After the lesson was over, I went home and blogged about Dina. It wasn’t the first time and it wasn’t the last. There was always plenty to say about this wonderful children’s books reviewer at the Guardian. Someone who interviewed like I could only dream of doing. Her ‘duel’ with Eva Ibbotson on which of them was the most ill, for instance.

Well, Dina won that one.

Less than three weeks before, I’d hoped to meet Dina for the first time. She was supposed to be doing an event, but became too unwell to go through with it. I went [to London] anyway, and had a different sort of day, instead, and Dina was interested in hearing what I’d done. I looked at the Tate Modern, and I went to the National Theatre. When I think back to that day, I see it as Dina’s gift to me, somehow.

Then there are the friends found through her blog, which I’ve written about before. Dina did so much, for so many.

And now it’s ten years since she died. I realise her little boy is no longer little. I hope her children are well, and happy.

Dina Rabinovitch

Aarhus 39

Sigh.

I’m absolutely green with envy.

This is the Aarhus 39 weekend (if that’s what it is when it begins on a Thursday), and I’m not there. Meg Rosoff is swanning around in the company of Eoin Colfer and Chris Riddell, two ex-children’s laureates. Two of my favourites. They, in turn, are swanning around in the company of Meg, favourite everything.

I don’t see how it can get much worse. For me, that is. They and Aarhus are probably having a great time. They are probably swanning around with Daniel Hahn, assuming he’s in a position to swan with anyone.

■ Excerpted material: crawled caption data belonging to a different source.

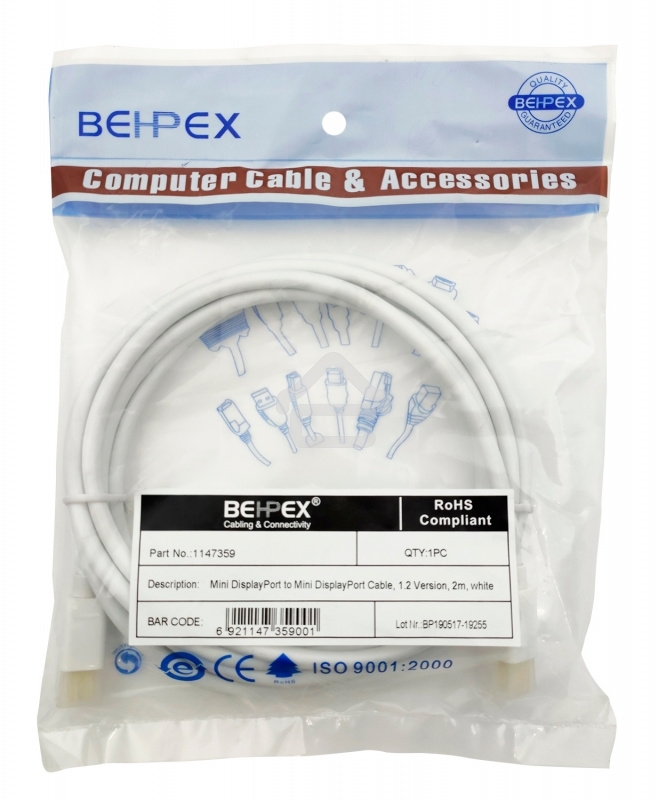 Кабель 1.2v miniDisplayPort (m) miniDisplayPort (m) 2м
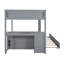 Lit superposé double au-dessus de double gris avec lit gigogne simple, bureau intégré et tiroirs de rangement - Lit mezzanine en bois massif pour enfants-478288266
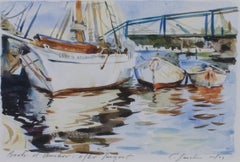 "Boats at Anchor After Sargent, " Harbor Watercolor Scene signed by Craig Lueck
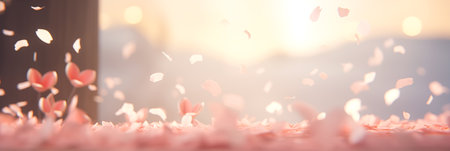 Blurred cherry blossoms and petals against warm sunset banner, defocused dreamy spring ambiance. Panoramic web header. Wide screen wallpaper.の素材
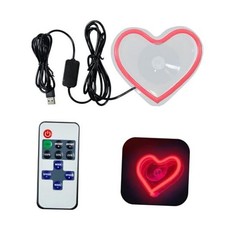 1 PC Heart Shaped Neon Sign, Car Window Ambient Light, USB Powered LED 1PC Red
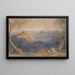 Vue du Castello Caetani et de la ville colline de Sermoneta Lazio Italie - Edward Lear — gerahmtes Bild an der Wand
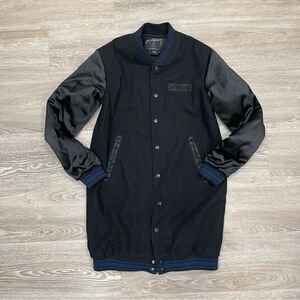 Stussi Black Wool long varsity jacket coat sz XS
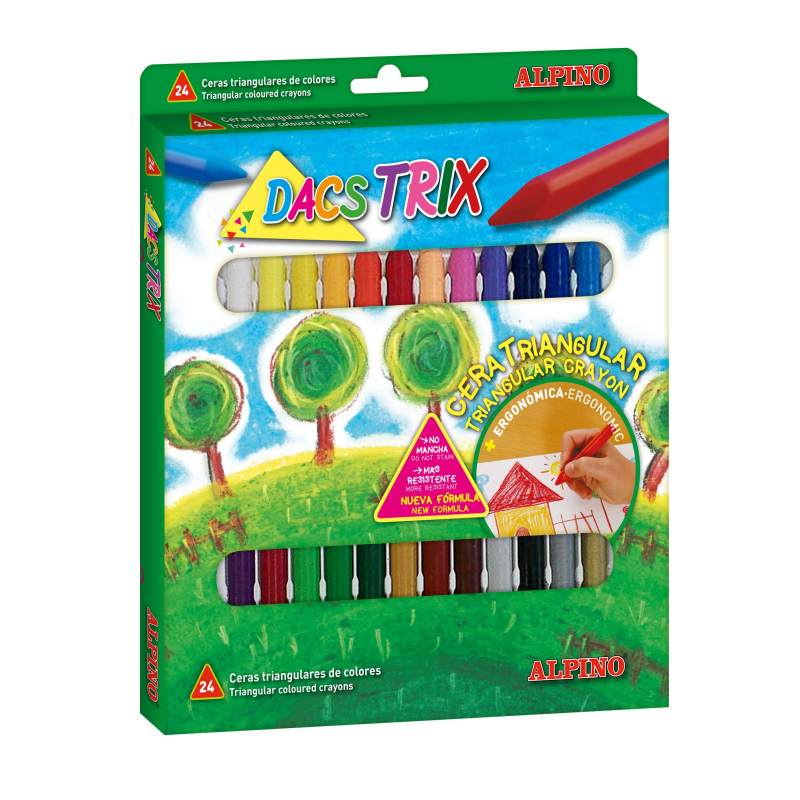 Creioane Cerate Soft, Triunghilare, Cutie Carton, 24 Culori/cutie, Alpino Dacstrix Creioane Cerate Soft, Triunghilare, Cutie Carton, 24 Culori/cutie, Alpino Dacstrix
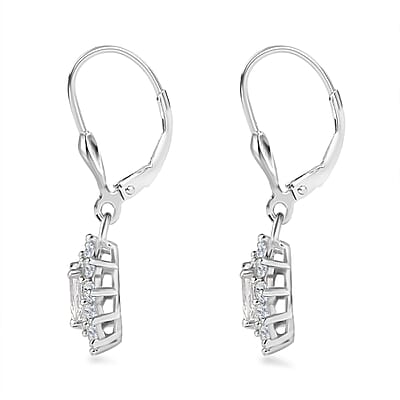 Mexican Hyalite Opal and White Zircon Sunburst Lever Back Earrings in Platinum Over Sterling Silver with Free UV Flash Light 1.65 ctw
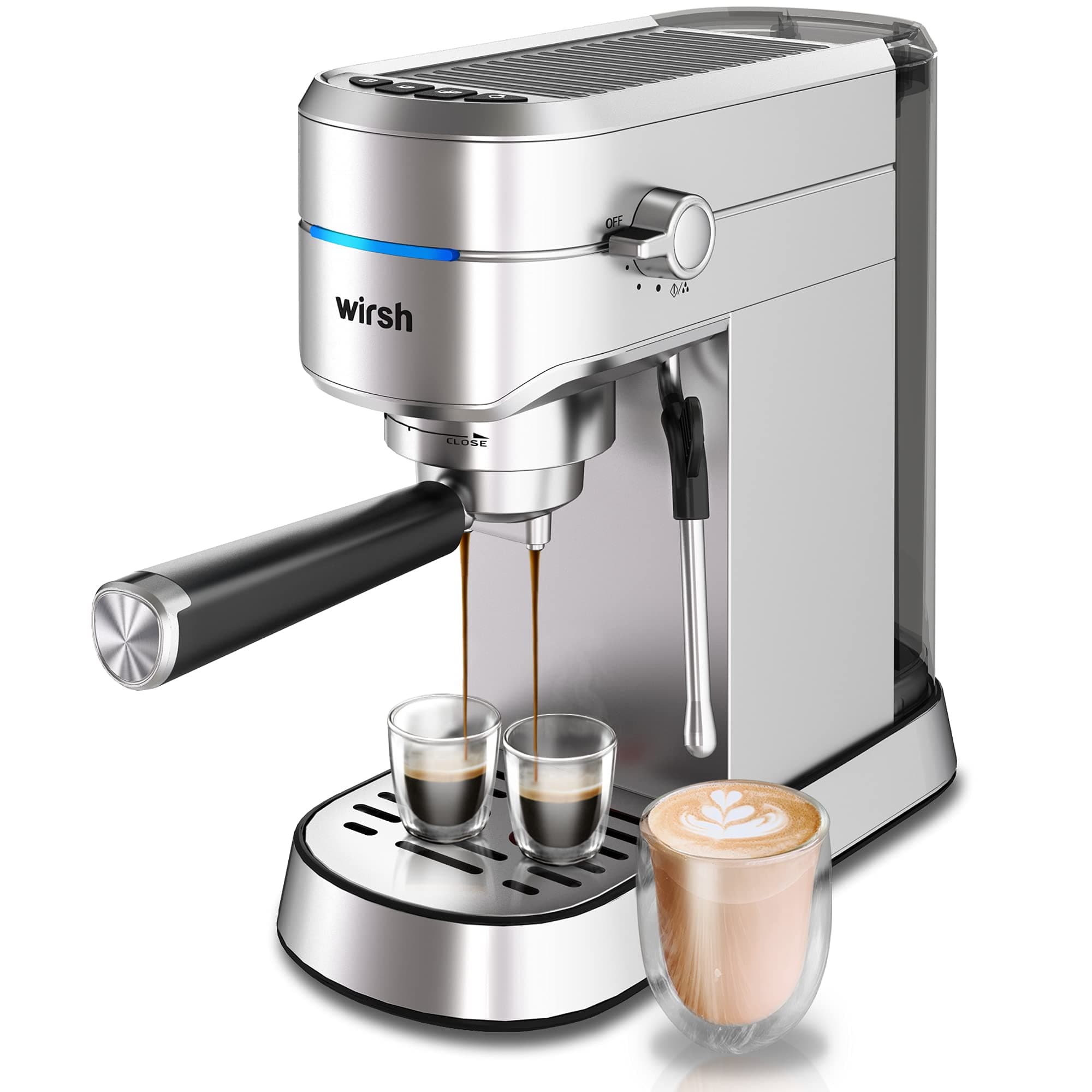 Espresso Machine, 15 Bar Espresso Maker with Commercial Steamer for Latte and Cappuccino, Espresso Coffee Machine with 40oz Removable Water Tank, Full Stainless Steel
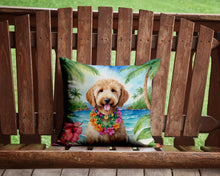 Load image into Gallery viewer, Goldendoodle Luau Throw Pillow - 14x14 Decorative Pillow – Art for Your Home &amp; Patio
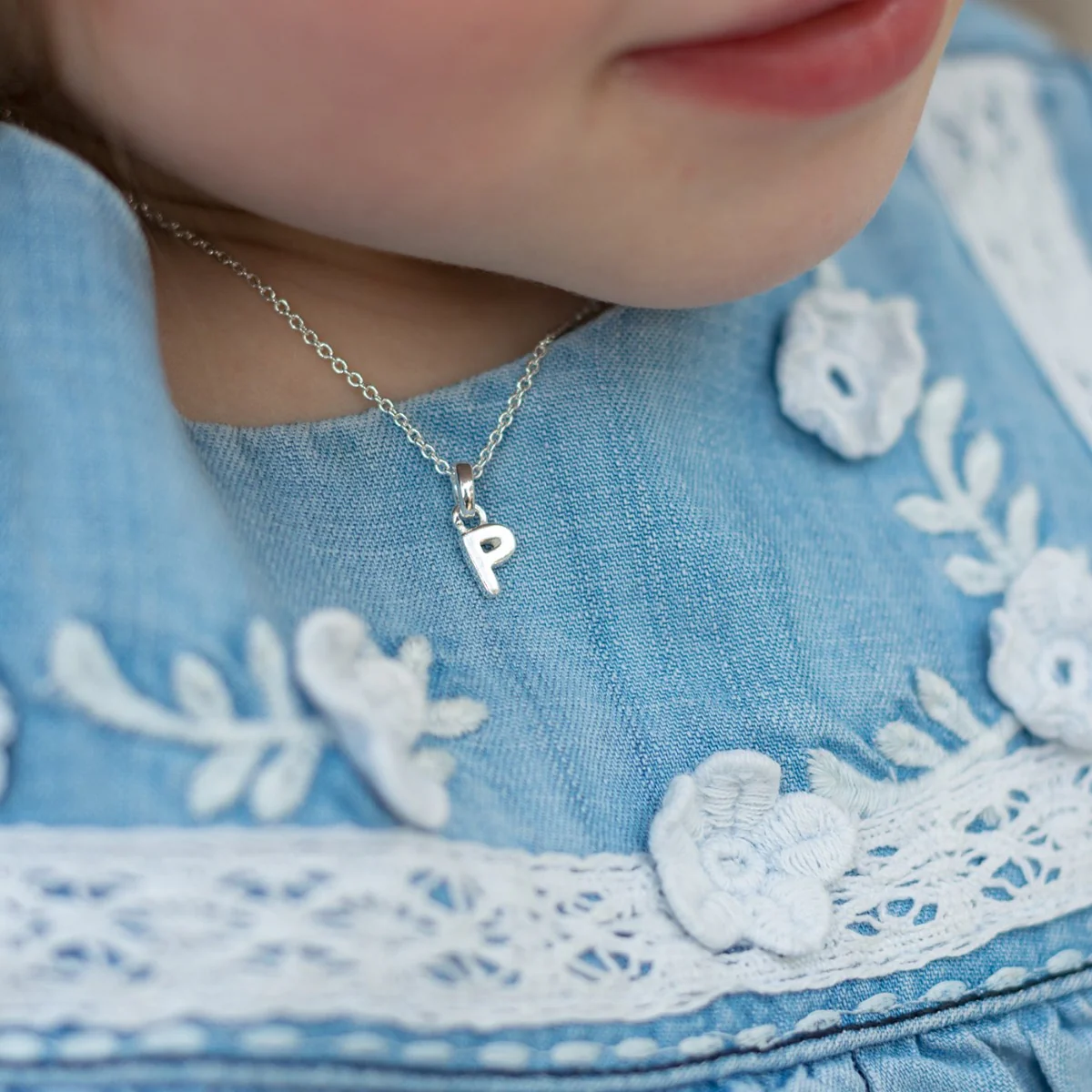 Child's Little Silver Initial Necklace - Image 2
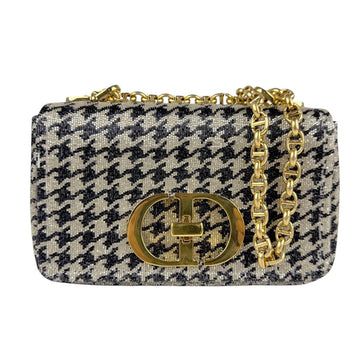 Christian Dior Shoulder Bag Caro Beads Beige Black Gold Women's n1030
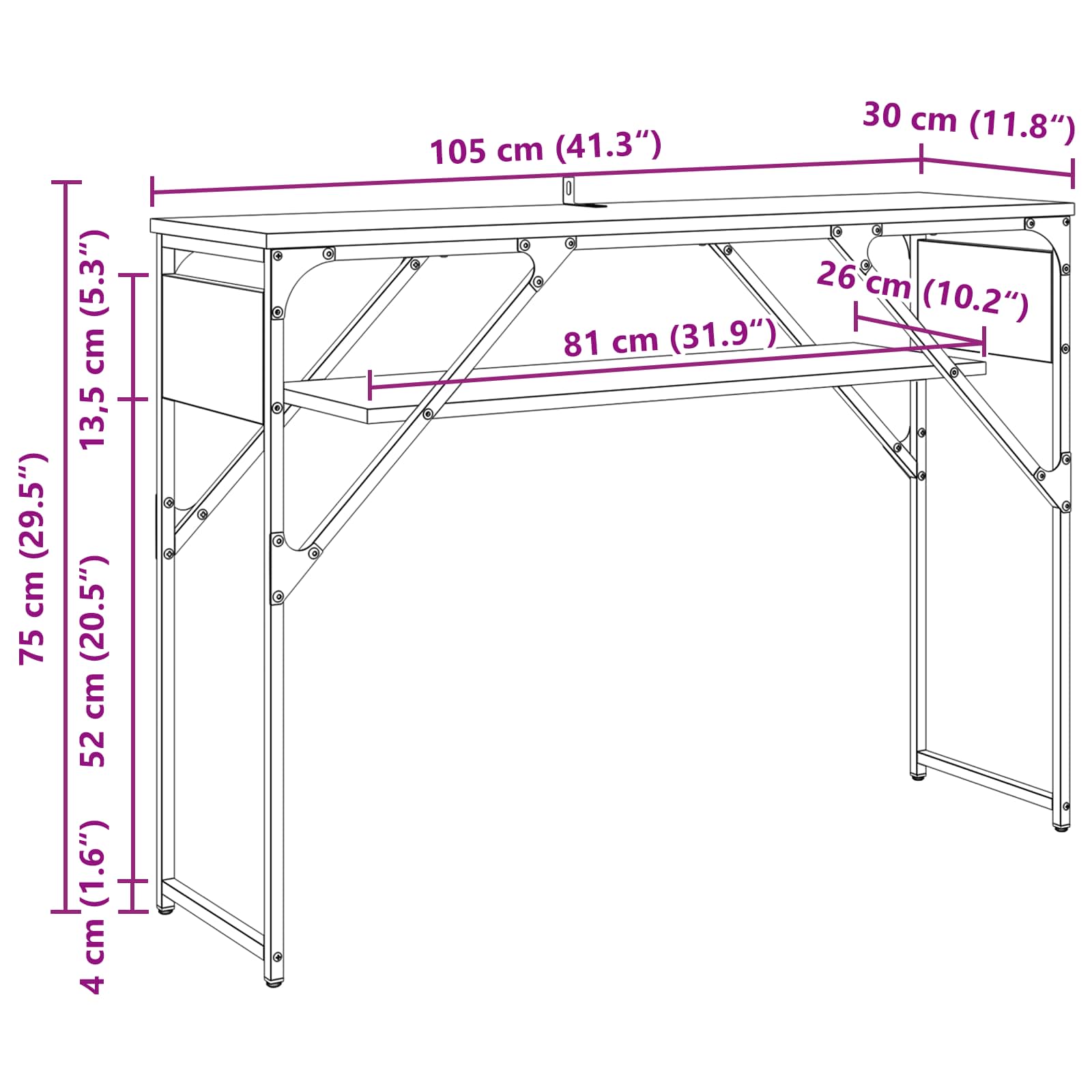 MesaConsola Madera envejecida 105x30x75cm Madera de ingeniería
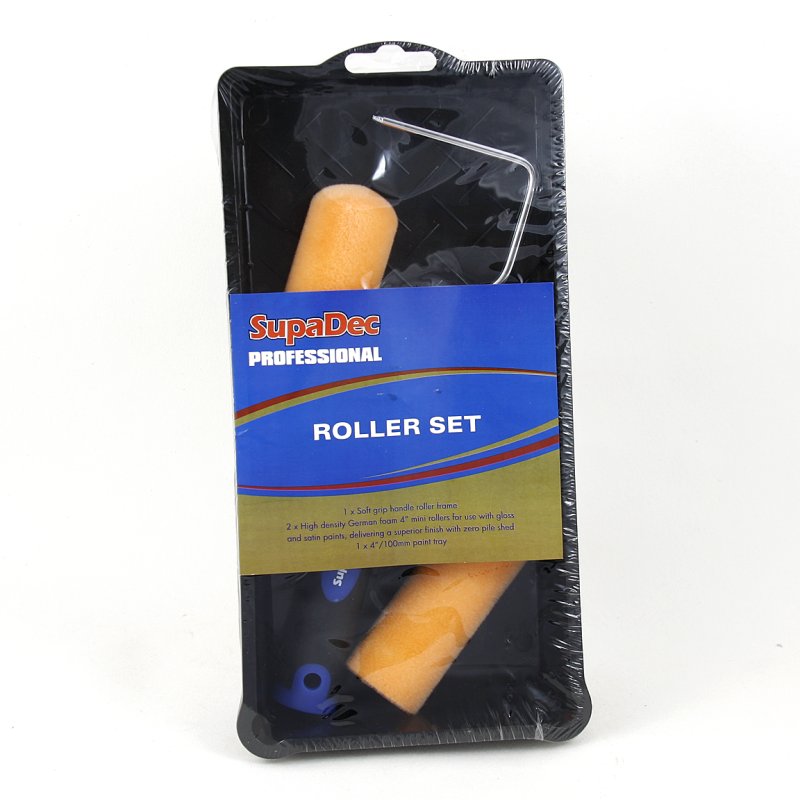 4 PCE FOAM FLOCK PAINT ROLLER SET Middlewich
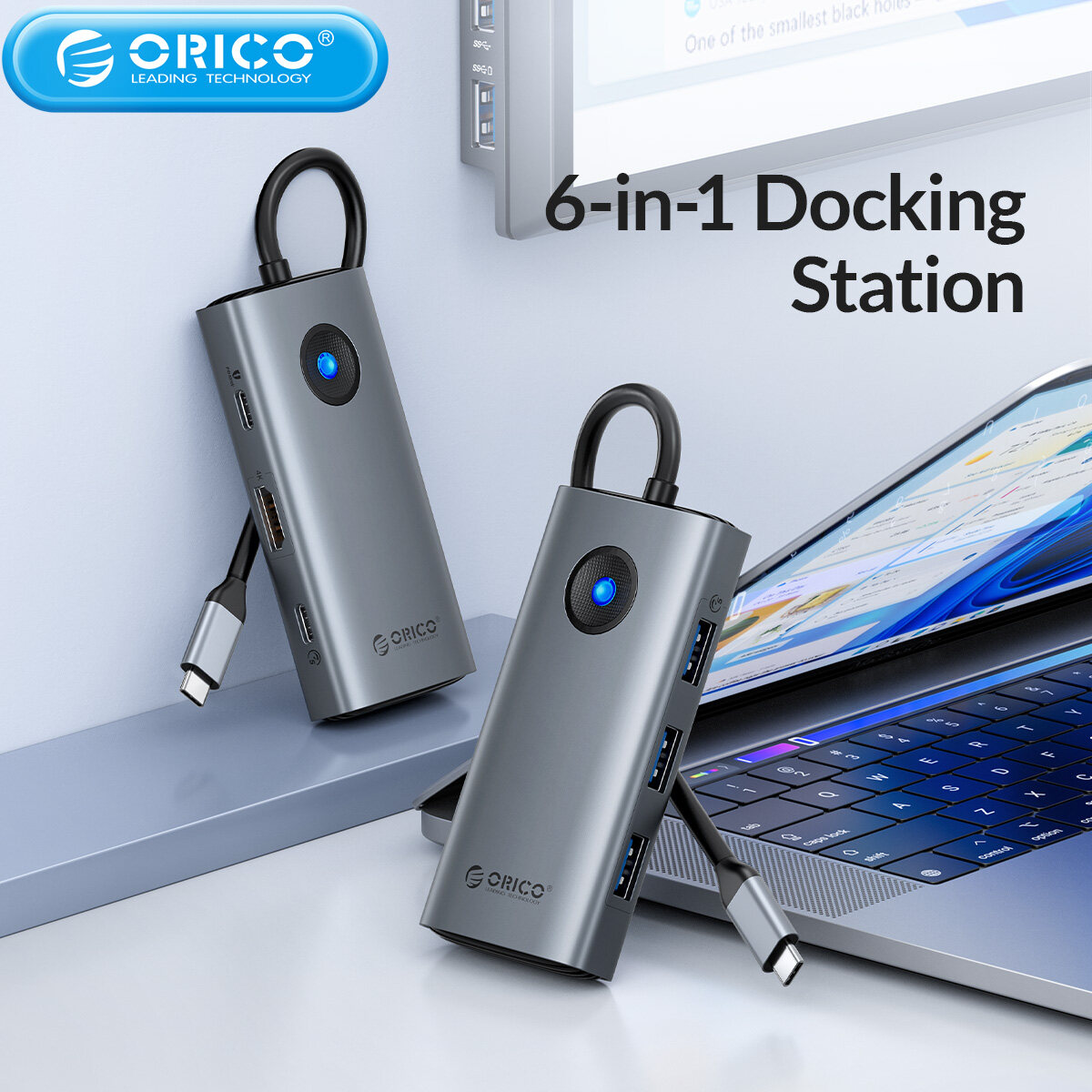 ORICO USB 3.0 Docking Station Hub Type C Splitter Adapter Multi Ports Several Socket OTG RJ45 HDMI 4K Dock For Macbook Laptop PC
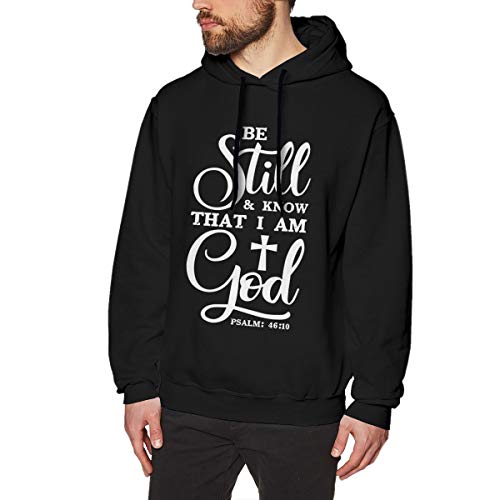 Matter Mens Be Still and Know That I Am God Younth Funny Black XL Long Sleeve Pullover Hoodie Sweatshirt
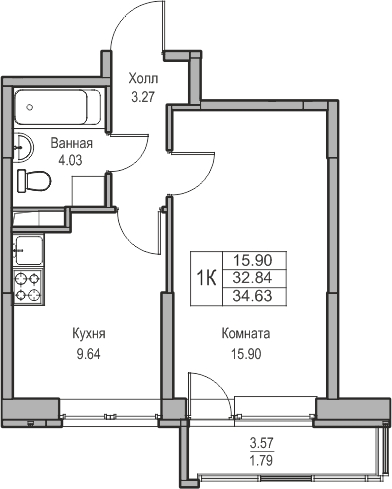 3-комнатная квартира в ЖК EVER на 33 этаже в 1 секции. Сдача в 3 кв. 2025 г.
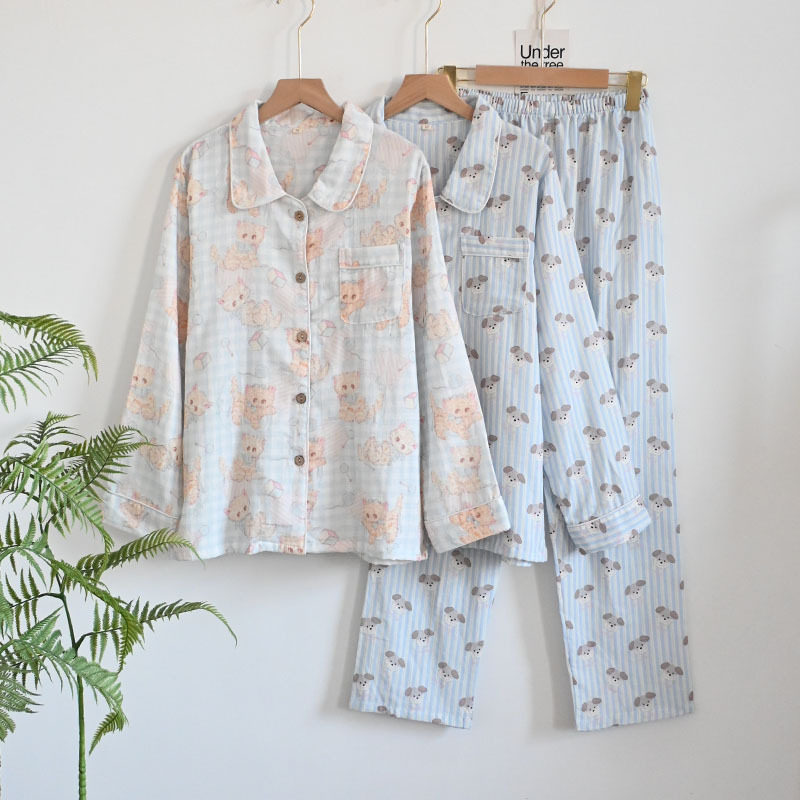 狗饺睡衣100%A类纯棉双层棉睡衣/家居服套装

This Astrid Lindgren nominated whirlwind has gathered at least two more ALMA nominees – Maria Turtschaninoff and Ævar Þór Benediktsson – as well as most of the other 37 Aarhus 39ers. That’s them in the jolly photo below.

Aarhus 39

No doubt they are mostly swanning too.

And the lucky citizens of Aarhus will have been going round to all these book events, most of which appear to have been free.

I hope this means that it might become a habit, and that maybe next year I can swan somewhere. Unless all the laureates are worn out by then.

Lagom

By now you all speak ‘Hygge’ don’t you? Sometimes used correctly, sometimes not. But you know about the Danish hygge. I was quite pleased when it appeared in the media, because finally, after all these years, the Resident IT Consultant understood what he’d had to put up with for so long. It made sense. I mean, I made sense.

That’s all in the past, however. Now it’s about lagom, which is a very lagom kind of word. Not too much, not too little. Just right. Goldilocks, really.

The most recent copy of the church newsletter from the Swedish church in London contained an interview with two Swedes who, separately from each other, had both written books about Lagom. The interviewer joked and said she felt that was lagom. Maybe.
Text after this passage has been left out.